Филипп, лишенный сана и сосланный в невеликую провинциальную обитель, Ивану IV был уже не страшен. Всякого влияния на дела он лишился. Обличения же его, брошенные публично, воротить назад, сделать не-звучавшими, никто не мог. Они сделали свое дело. Столп христианской истины утвердился. Убийство Филиппа их никоим образом не перечеркивало. И, значит, твердого мотива для его совершения назвать не получается.
Наконец, версия третья.
Был ли у Малюты Скуратова мотив для убийства, если он не получил приказа от царя?

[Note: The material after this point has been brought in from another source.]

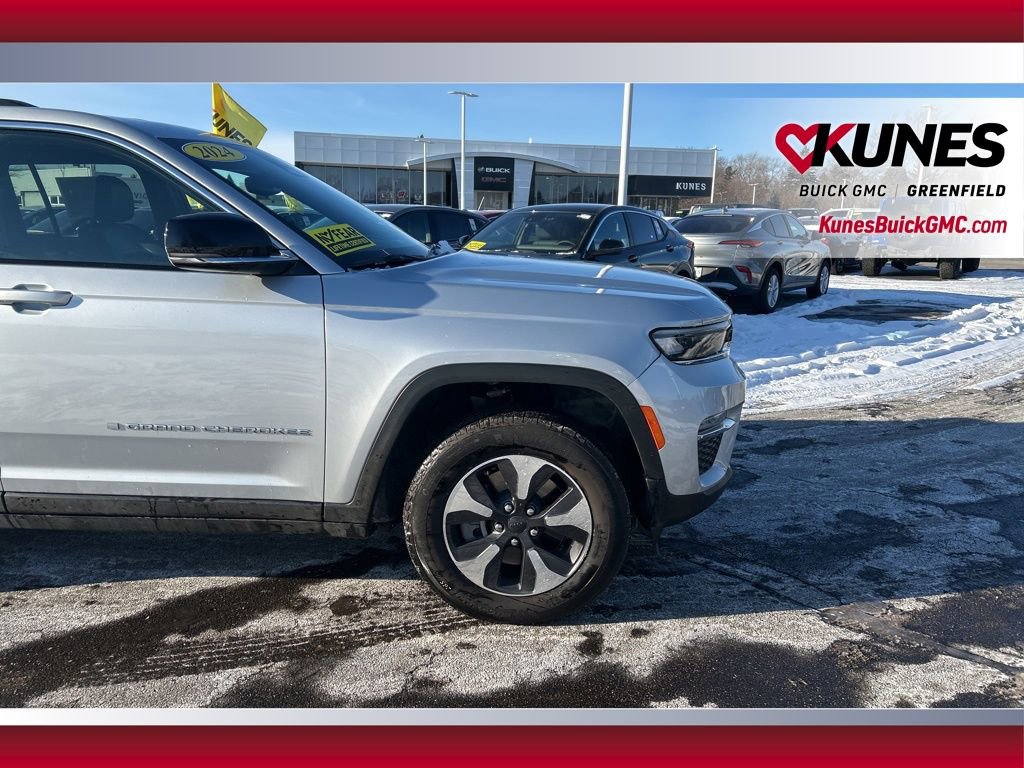 Used 2024 Jeep Grand Cherokee Limited 4xe image 14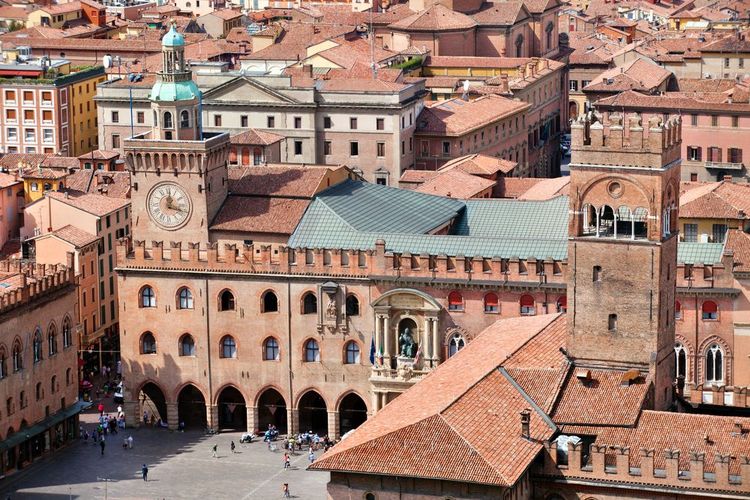 Palazzo d'Accursio : plongée au cœur de l'histoire et de l'art de Bologne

Был, и не один. Выше уже говорилось об этом.
Похороны, совершенные в спешке говорят о желании Малюты скрыть следы убийства на теле бывшего митрополита. Если бы у опричника был прямое и ясное распоряжение: «Убей!» – чего бы ему бояться? Современный историк В.А. Колобков, изучавший обстоятельства гибели Филиппа, пишет о страхе за свою карьеру, который мог испытывать Малюта, когда разыгрывал перед настоятелем спектакль насчет кончины Филиппа от «зноя» и «угара».
Но ведь несанкционированное убийство Филиппа могло дорого стоить Малюте… Как мог опричник, хотя бы и столь высокого ранга, на столь дерзкое деяние без указания свыше?
А мог. Мог, да и всё.
Вот и агиограф, составивший раннюю версию Жития, считает так же. По его мнению, преступление свершилось «хотением» Малюты.